In the good old days, when I bought my pressure cooker, my mother managed to somehow did the same thing you did, tessa...we have to redo our whole kitchen. The incident taught her quite a few lessons but our pressure cooker at the time became the most used pot in the kitchen. I have learned how to manage them when I learned how to cook as one thing about me is that I never turn my back to go somewhere else while I am cooking. No matter where I have a home, I always have a pressure cooker in the kitchen.

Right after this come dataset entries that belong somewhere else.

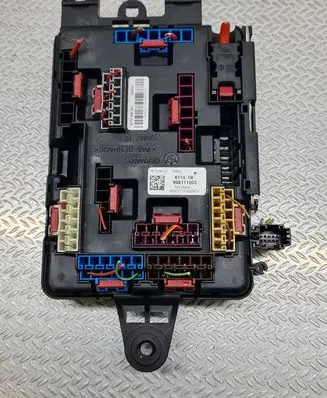 BMW 1 F20 F21 Fuse box set 19110000001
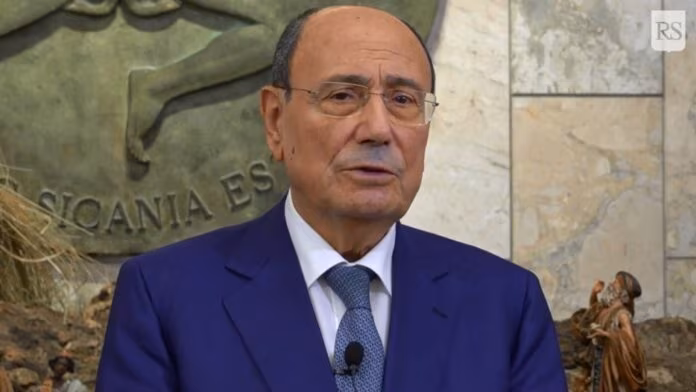 Schifani “Buon Natale alle famiglie e la Sicilia, cresceremo insieme”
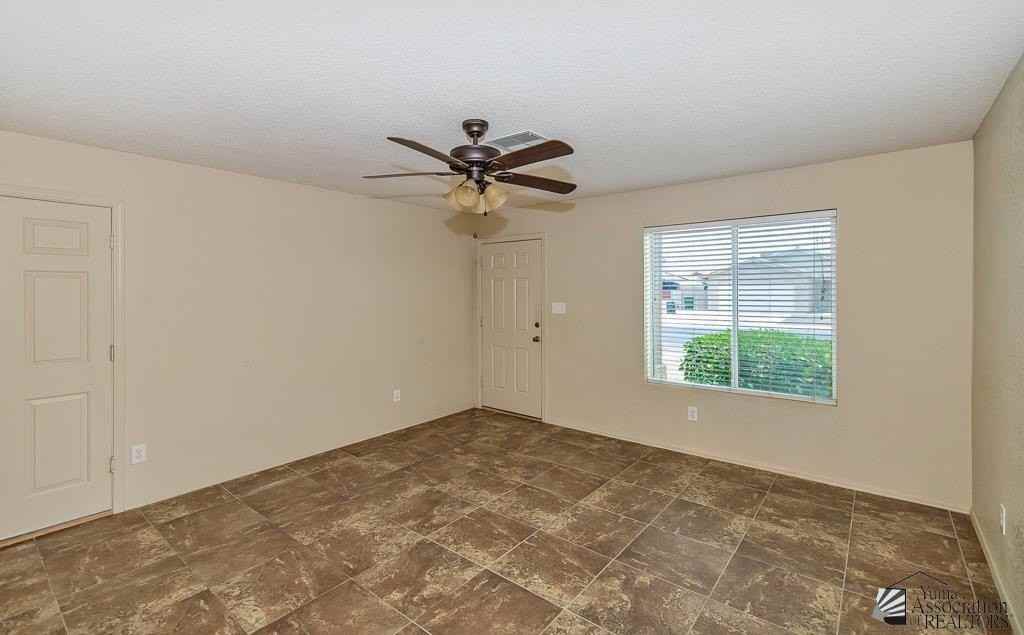 7120 E 36th Pl - Photo 4 of 26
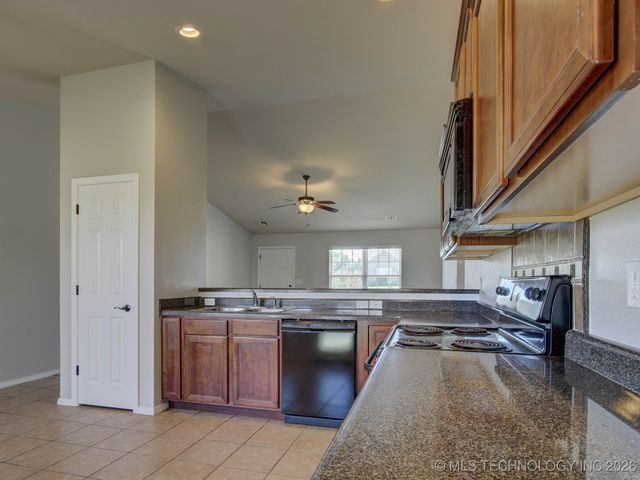 25961 E 90th Place S, Broken Arrow, OK 74014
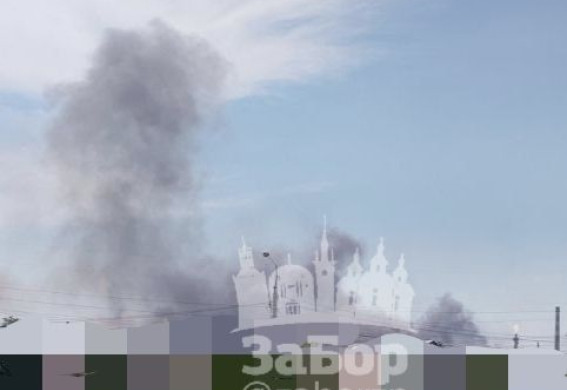 Росія завдала подвійного удару КАБами по Запоріжжю: над містом здіймається дим, відомо вже про одного пораненого (фото, відео)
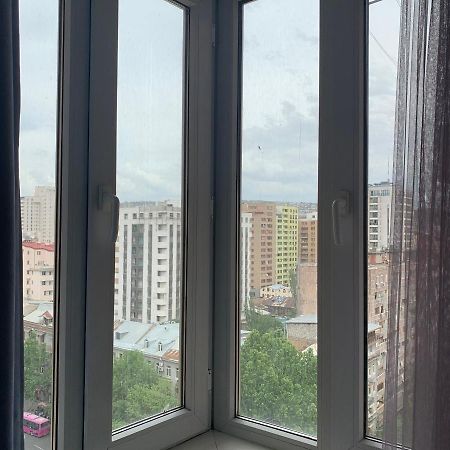 Cozy Apartment Near Republic Square Jerevan Exteriör bild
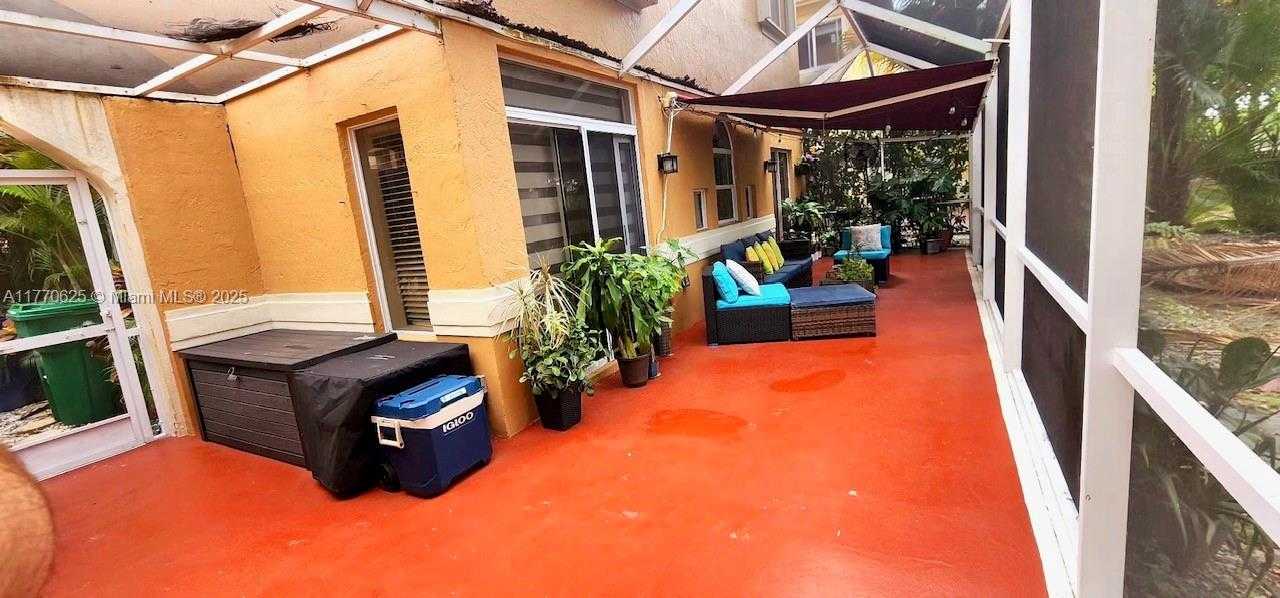 Small Image of 11405 LAKEVIEW DR #3-A, Coral Springs Number 49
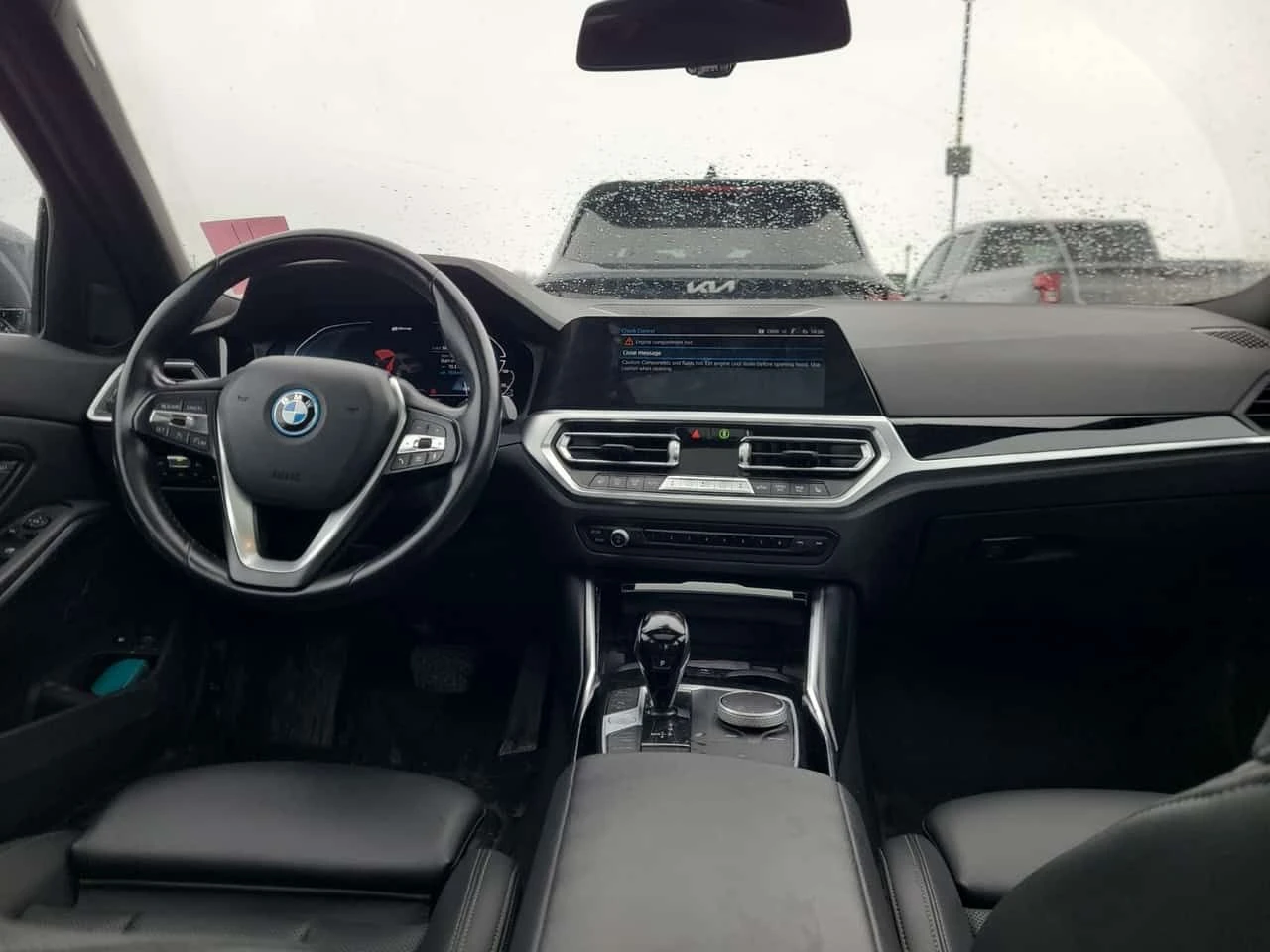 BMW 330 E XDRIVE /CAMERA/PANO/NAVI, снимка 10 - Автомобили и джипове - 53947808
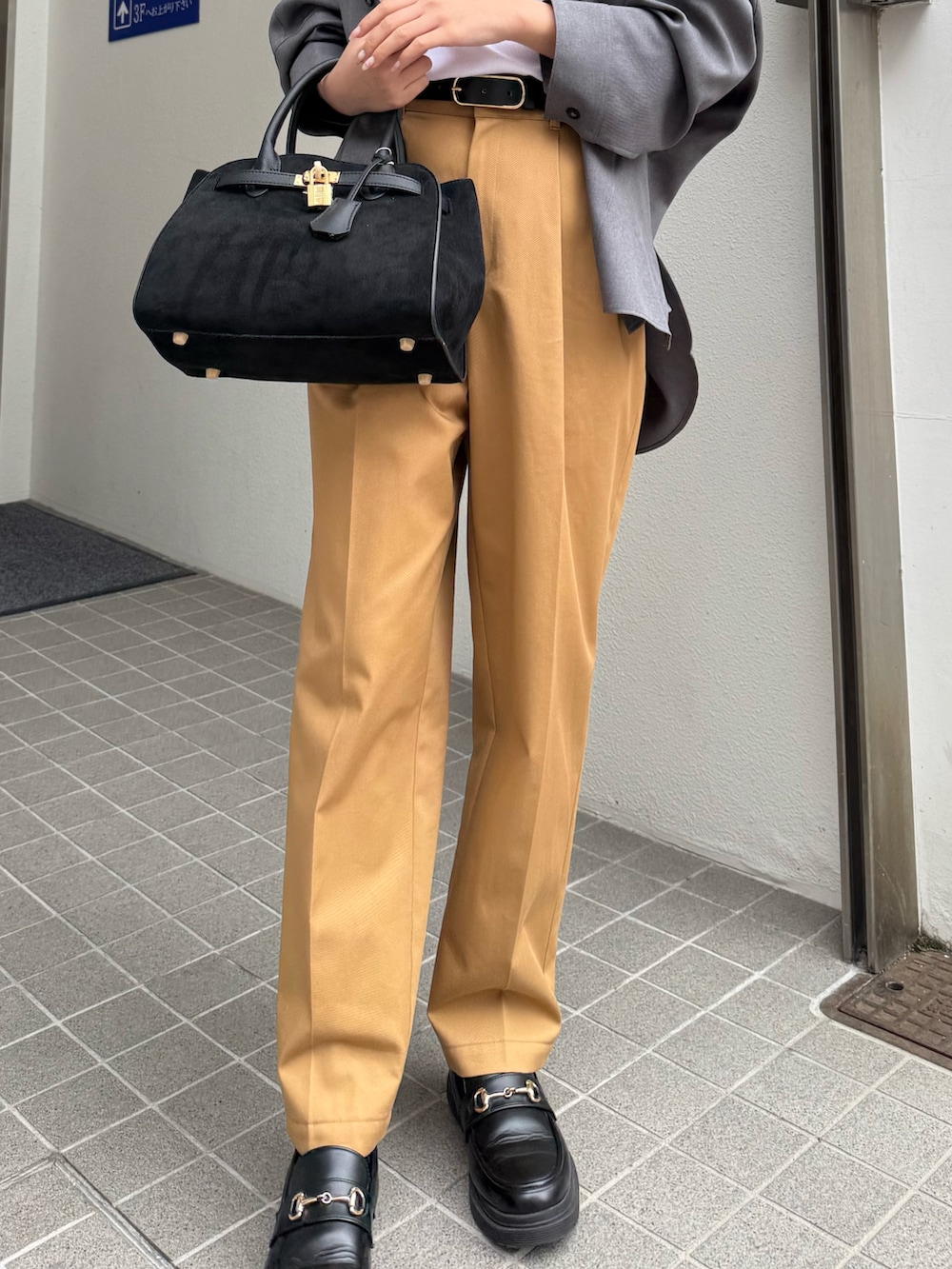 グレー系のシャツ/ブラウス、ブラック系のトートバッグ、イエロー系のその他パンツを着用したレディースの秋コーディネートの9枚目の写真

Last Christmas I was given a NESCO. It has been a long time in between that I have a pressure cooker and all that I used to have are stove topped one. This one is different as it shuts off automatically at desired settings, so no way it will blow up on me...even if I turned my back and go to another room for a while. Since it also operates as a slow cooker, when I chose that option, I can leave it all day and do my gardening or go shopping and my house will still be the way I left it last...nowadays pressure cookers are safer than when I first started...


----------



## bettyr (Feb 18, 2007)

When I was a child my mom blew a pot of beans up in a pressure cooker. I was playing in the kitchen when the pot started making weird noises. My mom came running into the kitchen and grabbed me up off the floor and stuffed herself and me behind the refrigerator just as the lid blew off the pot and a shower of hot beans blew out all over the kitchen. It really scarred me and I have never used one myself until just lately. 

We have been trying to improve our diet and have started buying grass fed beef from an organic farm near our home. The steaks, ground beef and tenderized pieces are outstanding!! But the roasts and some of the other less tender cuts really didn’t do anything for me until I cooked one in a pressure cooker. OMG the roast was so good I thought DH was going to lick his plate. 

I really love this little piece of crap cooker that I picked up for $15.00 but I really would like to have a bigger pot. I don’t need anything fancy just bigger.


----------